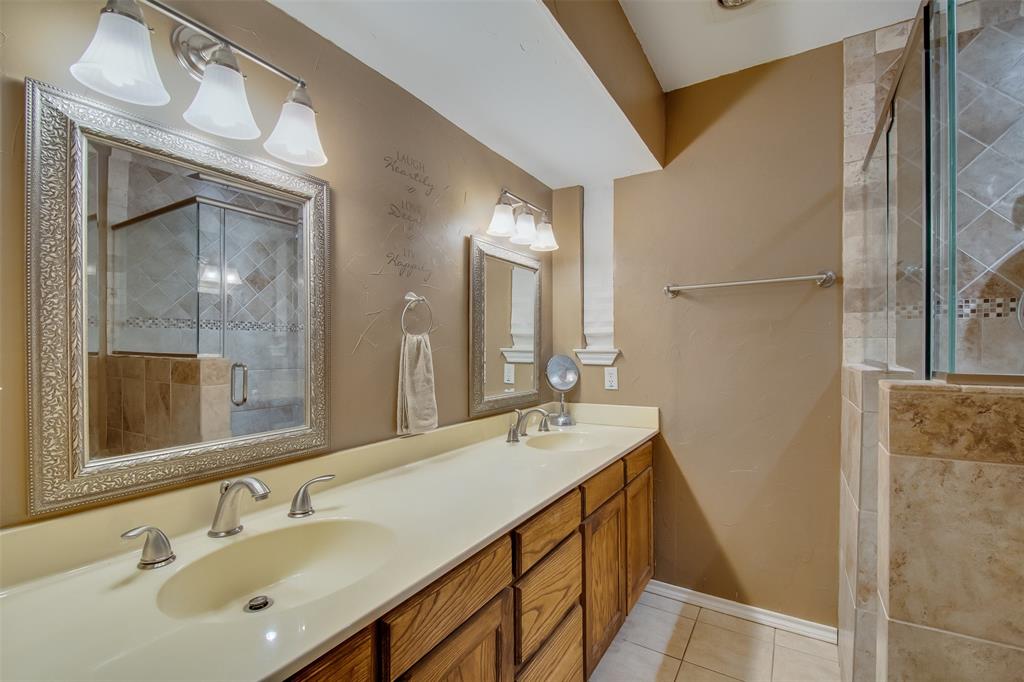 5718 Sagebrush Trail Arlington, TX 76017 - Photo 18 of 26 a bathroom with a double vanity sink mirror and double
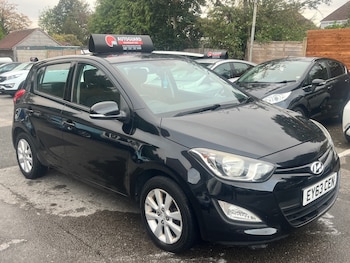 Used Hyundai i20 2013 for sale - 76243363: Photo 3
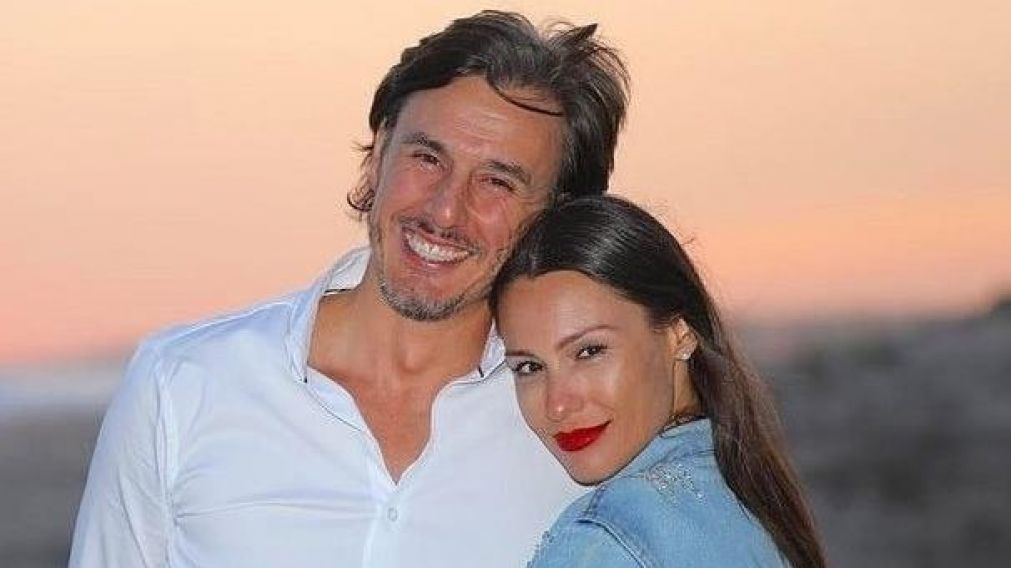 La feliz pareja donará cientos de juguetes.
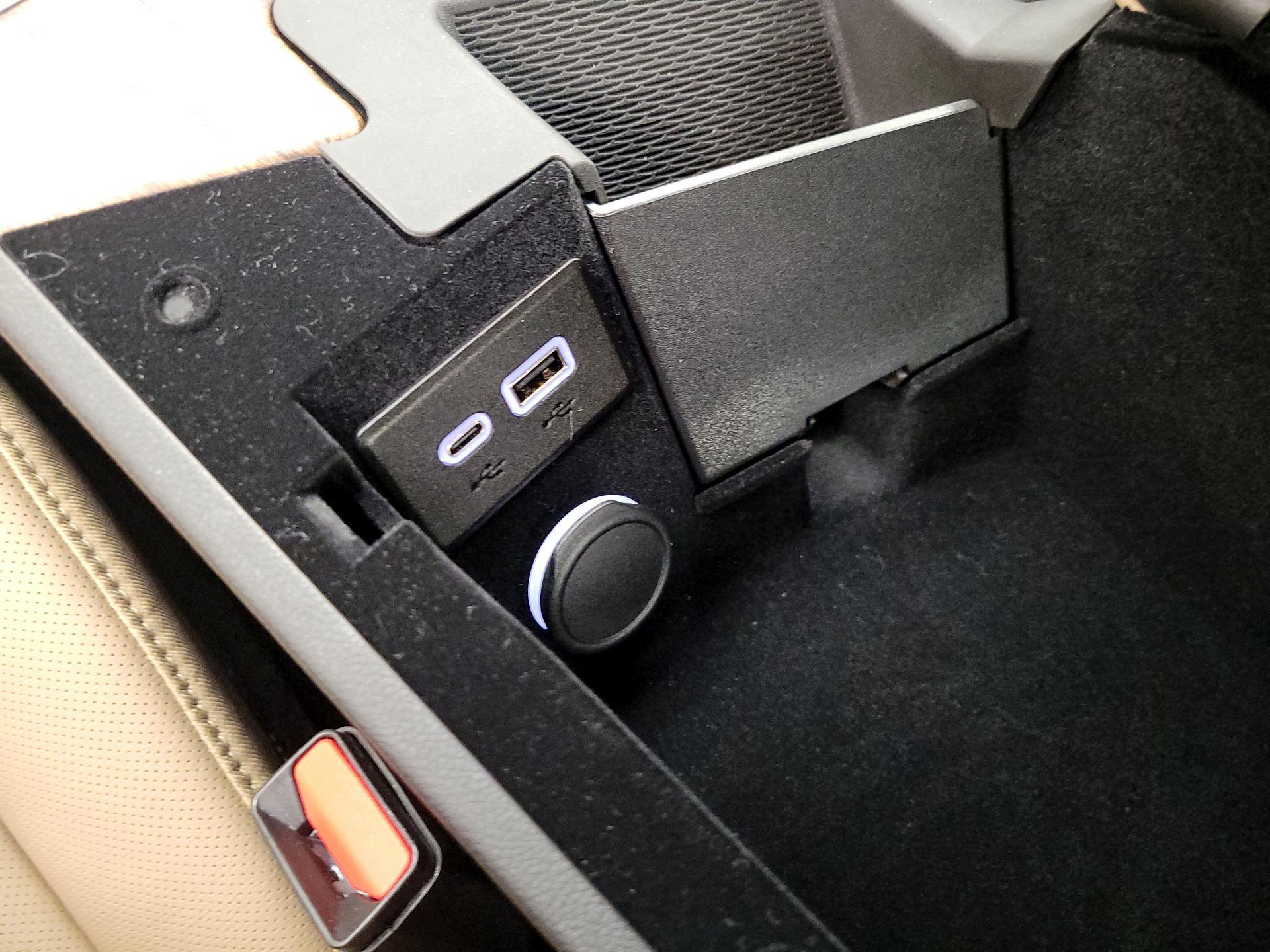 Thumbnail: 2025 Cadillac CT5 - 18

────────────────

▶ _PROBLEM TO SOLVE_
From the line that holds "Used Hyundai i20" down to the last line of the material above, every line is to be copied exactly, both ends included; pictures are to be omitted.

▶ _ANSWER BOX_
 Used Hyundai i20 2013 for sale - 76243363: Photo 3
 La feliz pareja donará cientos de juguetes.
 Thumbnail: 2025 Cadillac CT5 - 18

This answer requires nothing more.